Başkan Obama yeniden seçilmiş olsa da, Cumhuriyetçi Parti ağırlıklı ABD Kongresi'nde, kendisi ve ekibi için, 2013 bütçesi ve federal hazine borç tavanının artırılması açısından zor günler ufukta. Bu nedenle, mahşerin ilk atlısı olarak, ABD ekonomisi için 'mali uçurum Riski'nin yanı sıra, Prof. Roubini'nin de altını çizdiği gibi, ABD ekonomisinin yüzde 2'lik büyüme düzeyine takılmış olması önemli bir risk. Aynı dakikalarda, Bloomberg HT stüdyosunda konuk olan Prof. Dr. Sadi Uzunoğlu da, küresel ekonomi için en büyük riskin sürdürülebilir büyüme sürecine bir türlü geçilememesi olduğunu net olarak vurguladı.

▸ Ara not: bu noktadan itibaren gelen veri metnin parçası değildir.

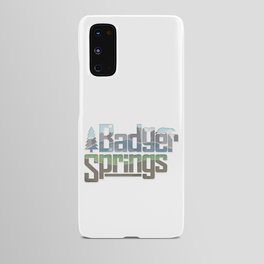 Badger Springs Android Case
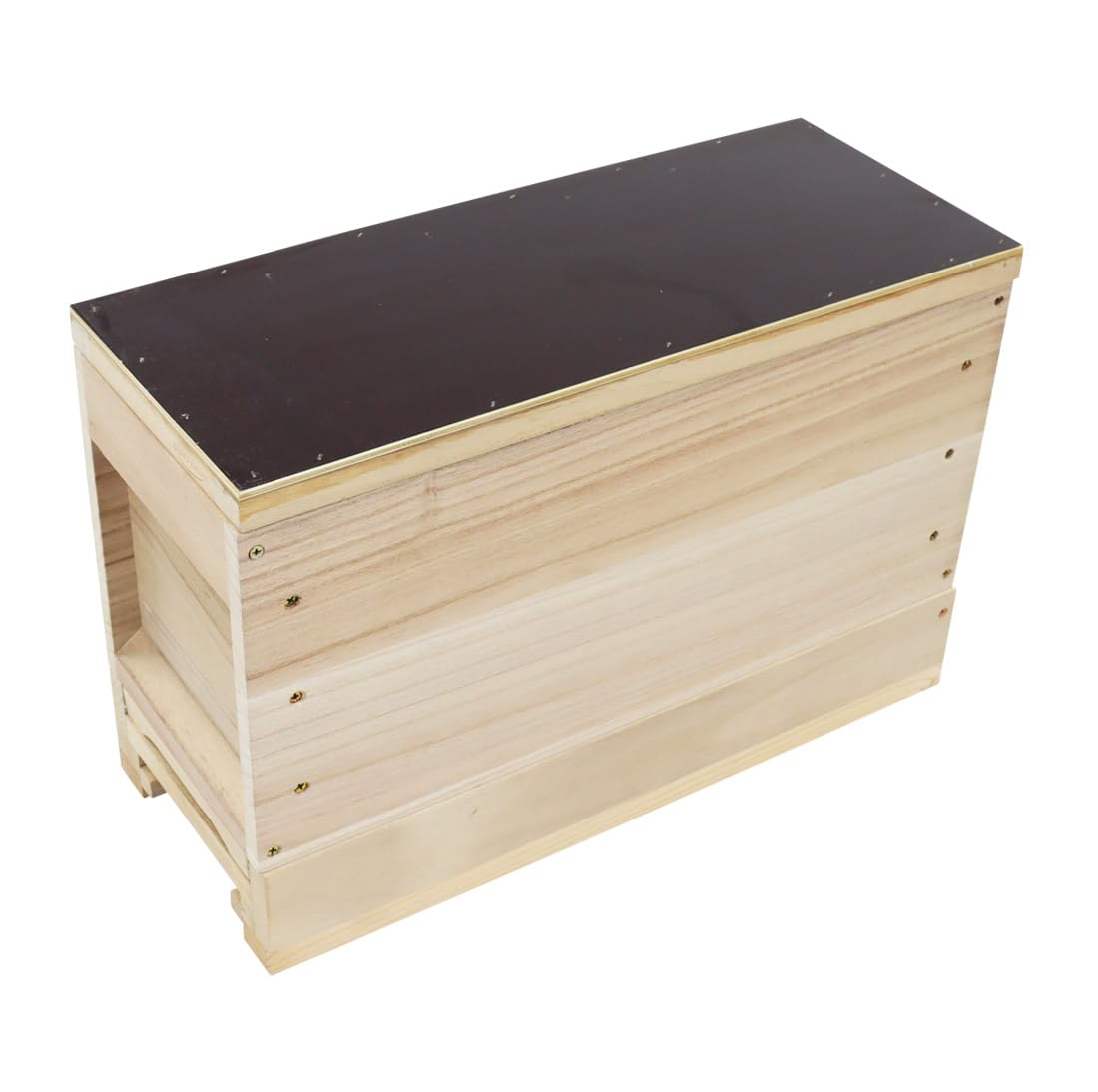 Zander Ablegerkasten nach Liebig aus Massivholz für Ableger Bienen Imkerei Imker, mit Blechdeckel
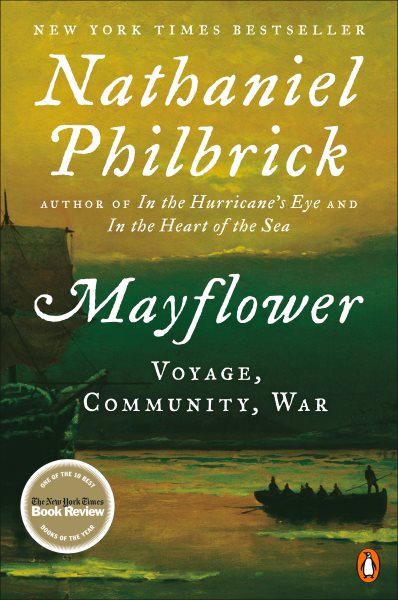 Mayflower: Voyage, Community, War cover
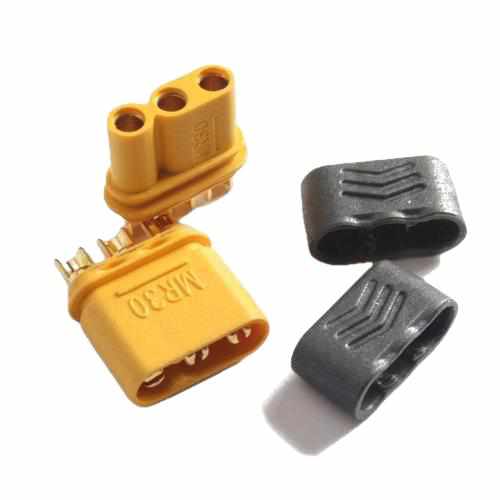 5pair AMASS MR30 Male Female Connector Plug with Sheath Cables Drones Xpress
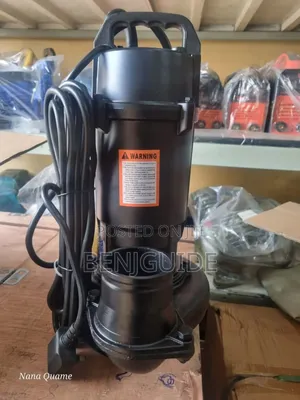 Ecool Max Sewage/Submersible Water Pump 1.5 Hp,3 "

BÖLGESEL RİSKLER TÜRKİYE'NİN NOT ARTIŞI İÇİN RİSK
Prof. Roubini, röportajda, uluslararası derecelendirme kuruluşu Fitch'in Türkiye'nin notunu artırmasını, Türkiye'nin olumlu yönlerinin daha ağır basmasına bağladı. Bununla birlikte, önümüzdeki hafta çarşamba günü Türkiye'de bir toplantı düzenleyecek olan Moody's için ve ayrıca Standart&Poors için, Roubini, Suriye ve İran gibi bölgesel riskler nedeniyle, Türkiye'nin notunu artırmak konusunda Fitch kadar cesaretli adım atmayabileceklerinin de altını çizdi.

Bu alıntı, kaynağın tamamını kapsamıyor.